Monday, April 7, 2008

Air Power


The British Royal Air Force (RAF) was formed on April 1, 1918 by the consolidation of the Royal Naval Air Service and the Royal Flying Corps. With over 20,000 aircraft at its inception, the RAF was the most powerful air force in the world.

Comments made by British Air Minister Lord Rothermere on the creation of the RAF were published three days later:

The performances of our flying men to-day and the aerobatics which form part of their daily routine were undreamed of even eighteen months since. Only human beings of perfect physique, of matchless bravery or of extraordinary quickness of brain can have any chance of distinguishing themselves in aerial warfare in 1918. And here is the miracle—the British Empire possesses thousands, not hundreds, of these 'supermen.' Our pilots come from all sections of the British Empire ; from our public schools and universities ; from the counting house and office desk in London, Manchester and Glasgow; from the wheat farm in the Canadian North-West; the sheep station in Australia and New Zealand ; from the gold mines on the Rand—in fact, from every section of His Majesty's Dominions these boys have come to "strafe the Hun." [source]

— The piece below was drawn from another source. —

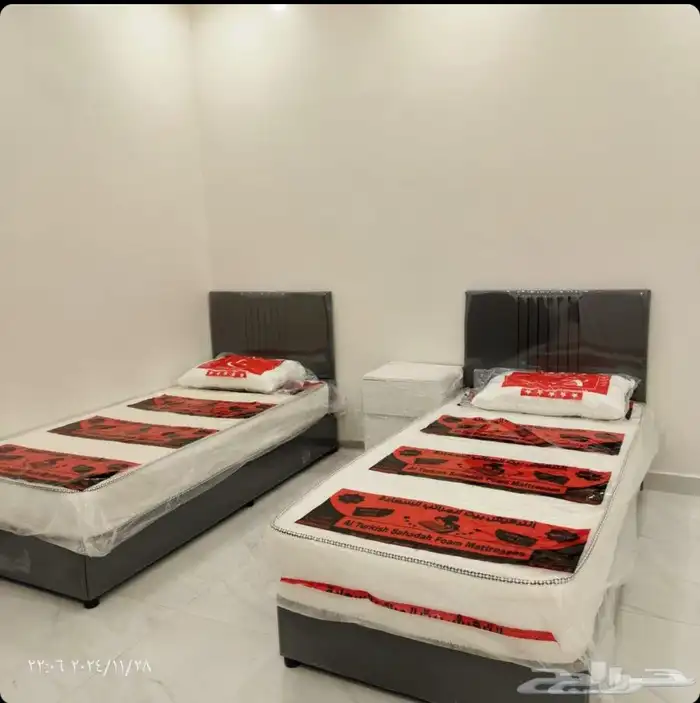 غرف نوم نفر و نفر ونص 7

Little did Lord Rothermere realize that within a few months, the "flying men" of the RAF would also be sent to North Russia to "strafe the Bolshevik." In the U.S. Army Signal Corps photo above, an RAF Sopwith equipped with skis is readied for take-off from the aerodrome in Archangel, North Russia on March 6, 1919.




Red Army pilots in North Russia



Nearly two months after the creation of the RAF, the U.S. Army would reorganize its growing Aviation Section by transferring it from the Signal Corps to the newly-created U.S. Army Air Service. By Armistice Day, November 11, 1918, the Army Air Service would have a total of 740 airplanes on the Western Front, which represented only 10% of the total Allied air power in the Great War.

4 comments:

pappy said...

Seems like the author would get the dates correct, Armistice day is November 11, 1918- not 1919

Mike said...

Oops! Thanks for bringing that typo to my attention.

pappy said...

Mike,
What Company was your grandfather in ? Mine was in Co K, Sgt Levi Bartels.

Mike said...

Cpl. Clement Grobbel was in Company I of the 339th Infantry Regiment. Here is a link to the letters he wrote while in the Army, as well as additional information and images.

Here is a link to the Levi Bartels Papers which are a part of the University of Michigan Bentley Library's Polar Bear Expedition Digital Collections.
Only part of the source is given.